>>

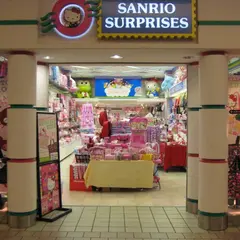 Sanrio Surprises - Kahala Mall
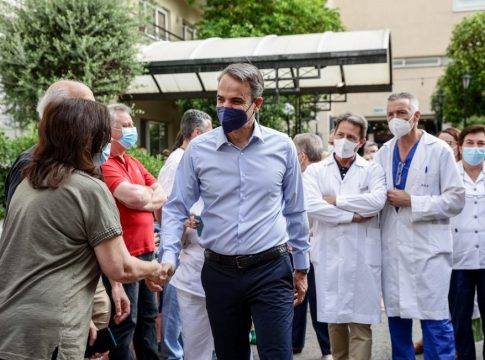 Μητσοτάκης στον «Άγιο Σάββα»: Πολιτική προτεραιότητα της επόμενης κυβέρνησης το νέο ΕΣΥ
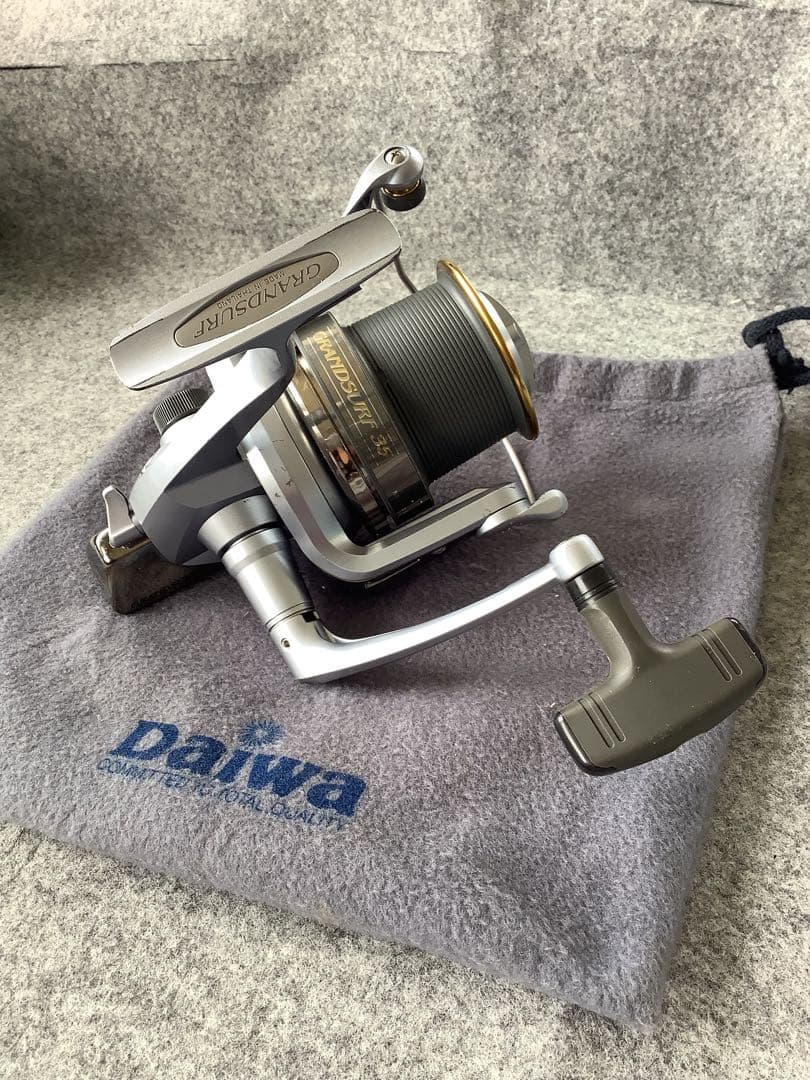 Daiwaリール　GRANDSURF 35 シルバー 収納袋付き　2台セット！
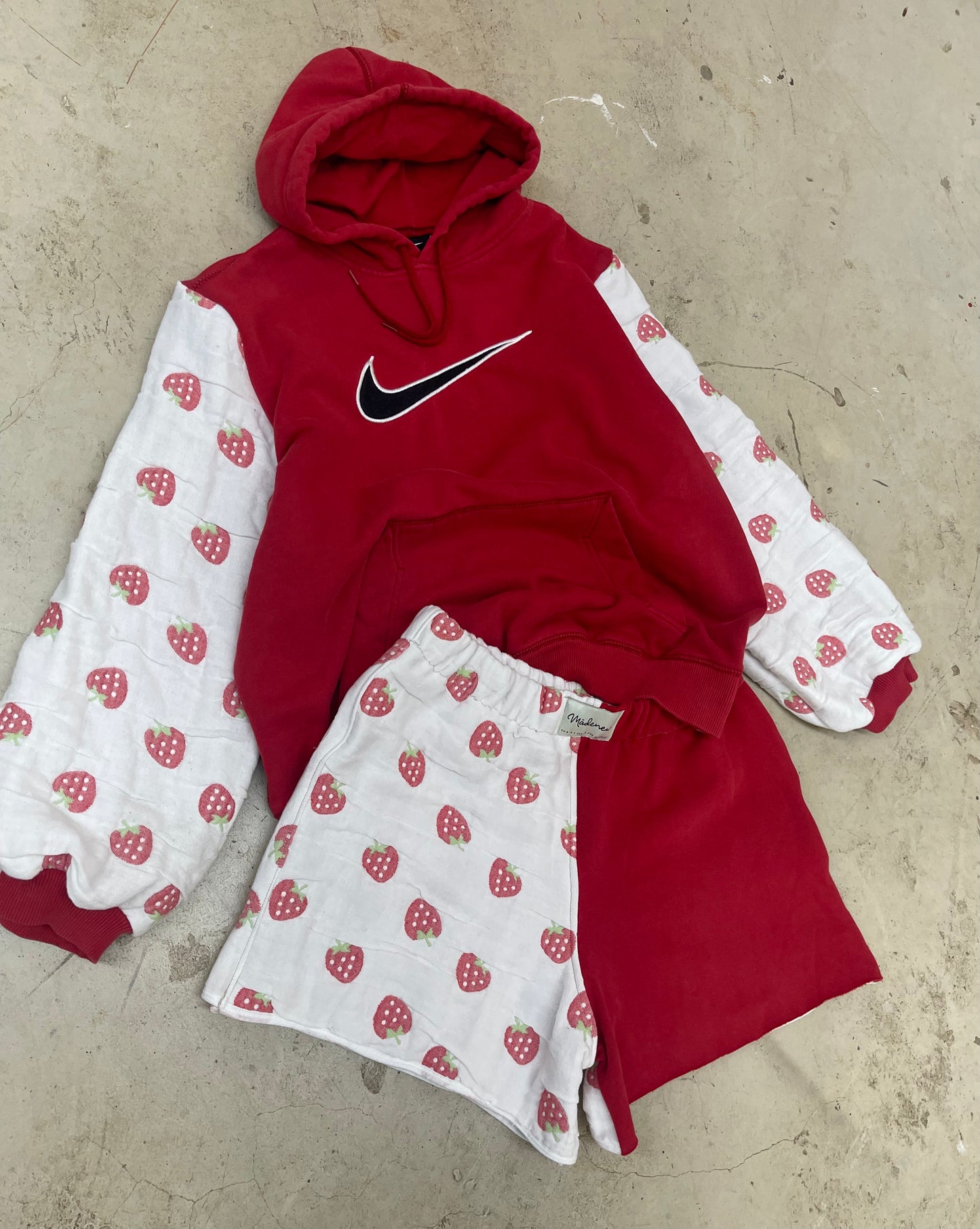 Strawberry Set L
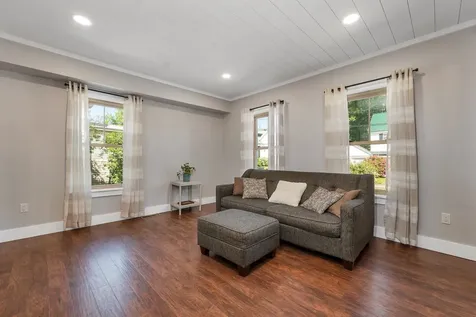 43 Oak Street Laconia NH 03246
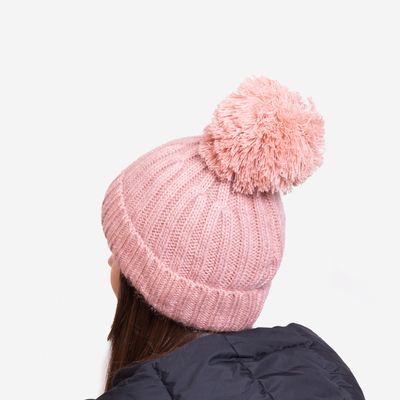 Bonnet rose foncé isolé pour femme avec pompon - Accessoires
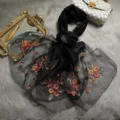 Eleganter schwarzer, transparenter Seidenschal mit Vintage-Blumenstickerei, luxuriöser Modeschal. - Über 185 cm / Schwarz
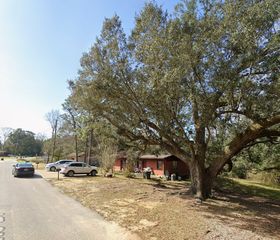 1221 Lake Dr #38, Cantonment, FL 32533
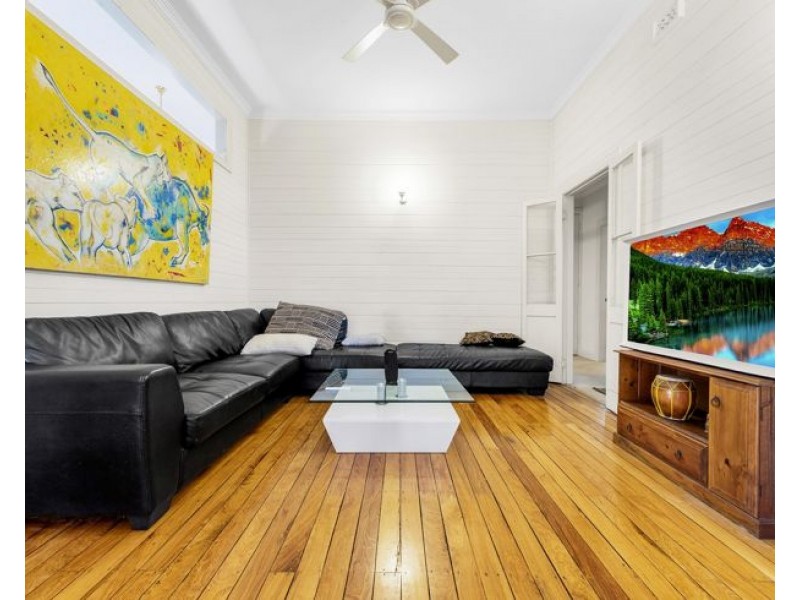 24 James Street, Girards Hill NSW 2480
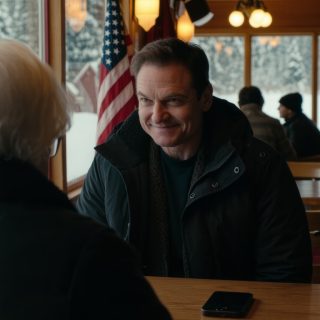 „Chcemy tylko spędzić spokojne święta z dziećmi, nie przychodźcie” – napisał mój syn – grzecznie, ale okrutnie. Połknęłam świece o zapachu sosny i prezenty, które już zapakowałam, a potem z mężem zniknęliśmy na święta, żeby się ratować. Ale w bożonarodzeniowy poranek otworzyłam telefon i zobaczyłam 69 połączeń – i zrozumiałam dlaczego…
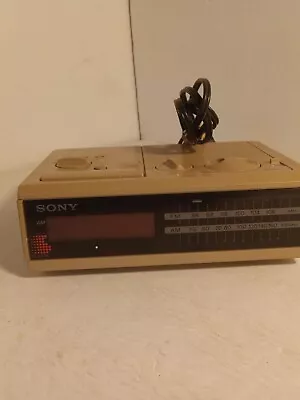 Vintage 1980s Sony Dream Machine FM/AM Digital Alarm Clock Radio ICF-C2W Beige • $19.47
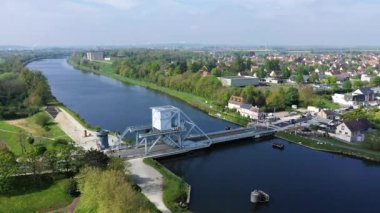 Pegasus Köprüsü, Pegasus Köprüsü, Avrupa, Fransa, Normandiya, Calvados, yazın, güneşli bir günde.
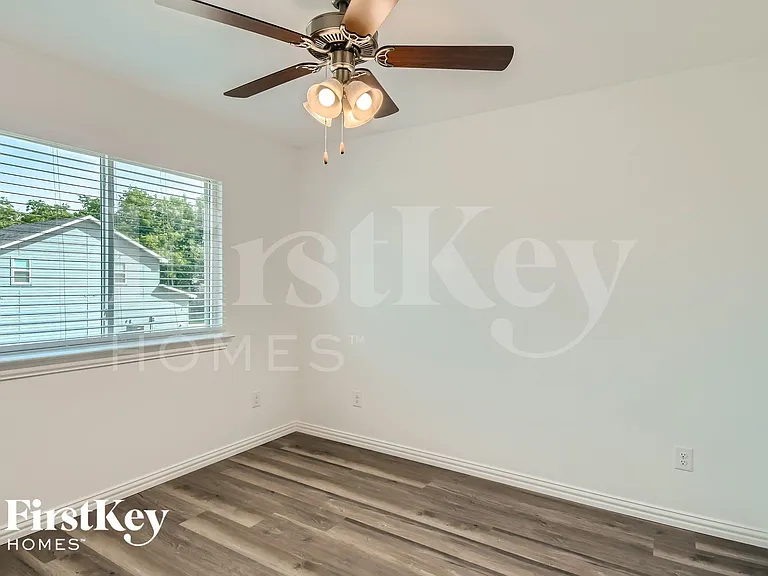 7360 Parkside Place Dr — Photo 18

<<

== Exercise ==
Please reproduce only the lines from the one holding "Strawberry Set L" through the final line of the listing above, both included, with each picture left out.

== Answer section ==
 Strawberry Set L
 43 Oak Street Laconia NH 03246
 Bonnet rose foncé isolé pour femme avec pompon - Accessoires
 Eleganter schwarzer, transparenter Seidenschal mit Vintage-Blumenstickerei, luxuriöser Modeschal. - Über 185 cm / Schwarz
 1221 Lake Dr #38, Cantonment, FL 32533
 24 James Street, Girards Hill NSW 2480
 „Chcemy tylko spędzić spokojne święta z dziećmi, nie przychodźcie” – napisał mój syn – grzecznie, ale okrutnie. Połknęłam świece o zapachu sosny i prezenty, które już zapakowałam, a potem z mężem zniknęliśmy na święta, żeby się ratować. Ale w bożonarodzeniowy poranek otworzyłam telefon i zobaczyłam 69 połączeń – i zrozumiałam dlaczego…
 Vintage 1980s Sony Dream Machine FM/AM Digital Alarm Clock Radio ICF-C2W Beige • $19.47
 Pegasus Köprüsü, Pegasus Köprüsü, Avrupa, Fransa, Normandiya, Calvados, yazın, güneşli bir günde.
 7360 Parkside Place Dr — Photo 18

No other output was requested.